Bob D'amico, ABC
The West family is on a first-name basis with the police force.
As ABC's summer series "Scoundrels" opens, the cops are joining the Wests for breakfast. Sort of.
"Why don't they just move in and save on gas?" asks teenager Hope (Vanessa Marano) as she's rousted out of bed because the police are at the door.
And then, as the breakfast cereal is being poured, she inquires, "What'd we steal this time? The raisins?"
No. But there's a reason the cops are on a first name basis with the Wests. They are indeed crooks.
So ... the family that steals together, congeals together?
Husband/father Wolfgang "Wolf" West (David James Elliott) is the head of the clan, and he's raising his kids to join the family business. His wife, Cheryl (Virginia Madsen), is supportive.
Their 20-something twin sons, Logan and Cal (both played by Patrick John Flueger) are opposites. Logan is about to join the bar; grungy Cal is more likely to be hanging out in a bar. The plan is for Logan to be the family's lawyer, while Cal will be the next criminal mastermind.
Despite the fact that he's not all that smart.
Speaking of not all that smart, there's 20-something daughter Heather (Leven Rambin), whose goal is to become a supermodel. Weirdly enough, she might be smarter than she acts.
Hope — who's still in high school when she chooses to go — is the smart one.
They're crooks, but they're relatively nice crooks. When police Sergeant Mack (Carlos Bernard) questions whether Cal might have been involved in a violent crime, Cheryl takes offense.
"I know what you think of this family, sergeant," she says. "But we do not beat up old ladies."
"That's right. I forgot. West code of honor," Mack replies. "No violence, no drugs. Just forge a few bad checks, rip off a few overpriced hotels."
Yeah, that sort of thing.
And, later, Cheryl takes Cal to task — after she almost runs him over with her car — when she thinks he broke the family code.
"There's two rules this family lives by.
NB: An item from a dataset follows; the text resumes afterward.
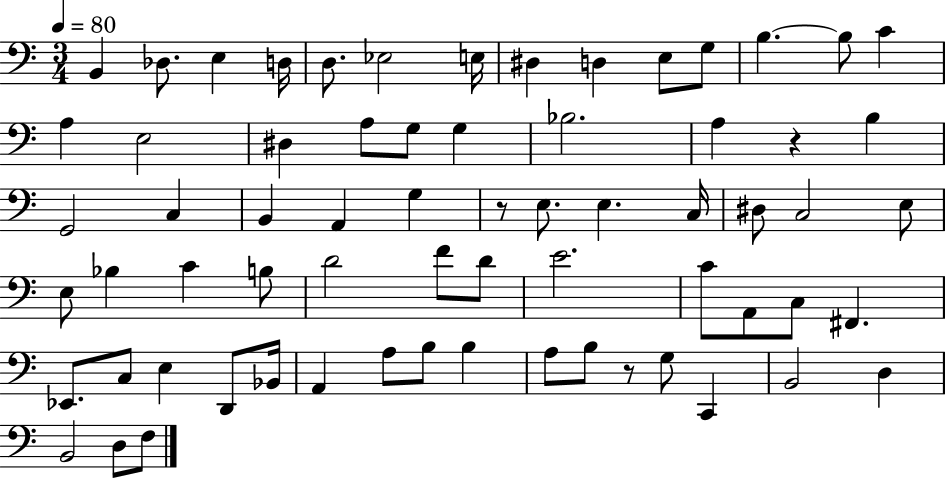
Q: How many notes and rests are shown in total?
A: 67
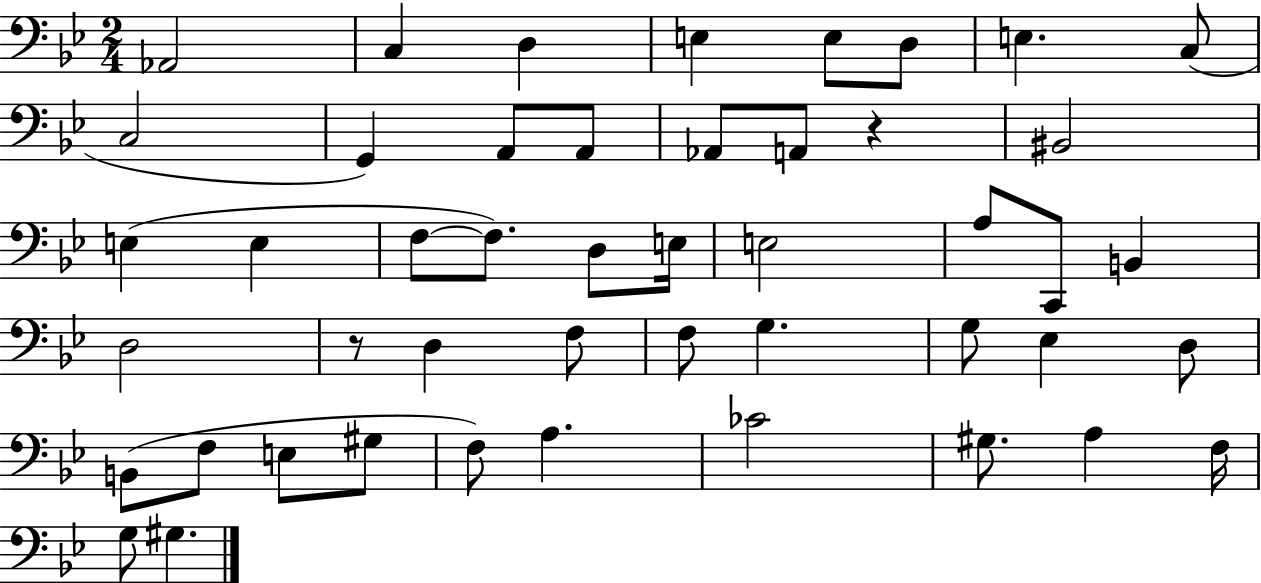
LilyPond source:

One, we do not invade homes. At least not while people are in them," she says. "And, two, we never, ever use violence!"
Weirdly enough, the Wests seem like a very functional family. All families have their idiosyncrasies, right?
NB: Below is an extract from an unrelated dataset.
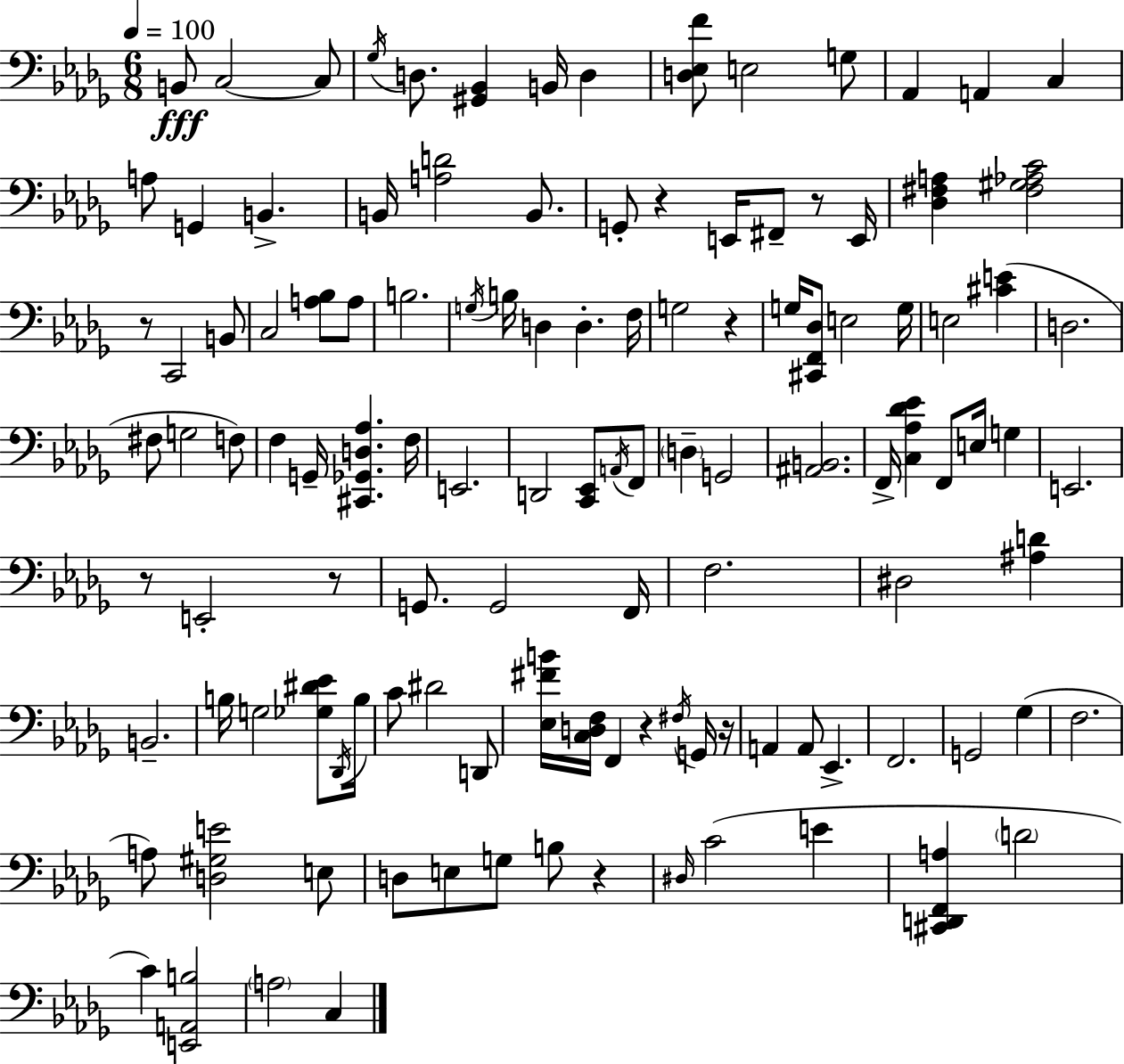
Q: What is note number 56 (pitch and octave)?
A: G2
However, cracks are developing beneath the surface of this outwardly united clan. First and foremost, Wolf heads to court expecting a four-month sentence for his latest relatively minor crime.
Instead, he's sentenced to five years in prison.
(Weirdly enough, this is the second time in nine months that a network show opens by sending the husband/father to prison. "Scoundrels" joins CBS's "The Good Wife" in that odd category.)
And, in his absence, Cheryl is extremely concerned about her children. The direction their lives are taking. The direction the family is taking.
So she decides to go straight. And take the family with her.
This is where the drama comes in. Slathered on top of the comedy.
It's a somewhat awkward juxtaposition at times.
Some of the comedy — which arises from the situations, not jokes — is good. So is the drama.
Whether they'll work together as the show moves forward remains to be seen.
RECASTING: David James Elliott was cast in "Scoundrels" after Neal McDonough was dropped for refusing to do steamy scenes with Madsen.
How steamy? Well, the first episode starts with Elliott and Madsen — a married couple — in bed. And it's pretty steamy for a TV show.
McDonough — who describes himself as a "family man" — also refused to do steamy scenes during his stints on "Desperate Housewives" and "Boomtown."
He's got principles. In this case, they reportedly cost him about $1 million in salary.
There aren't a lot of actors who would do that.
If you watch
What: The comedy/drama "Scoundrels"
When: Premieres Sunday at 8 p.m.
Channel: ABC/Ch. 4
The bottom line: This is not a bad show, but it's not altogether successful at being either a comedy or a drama.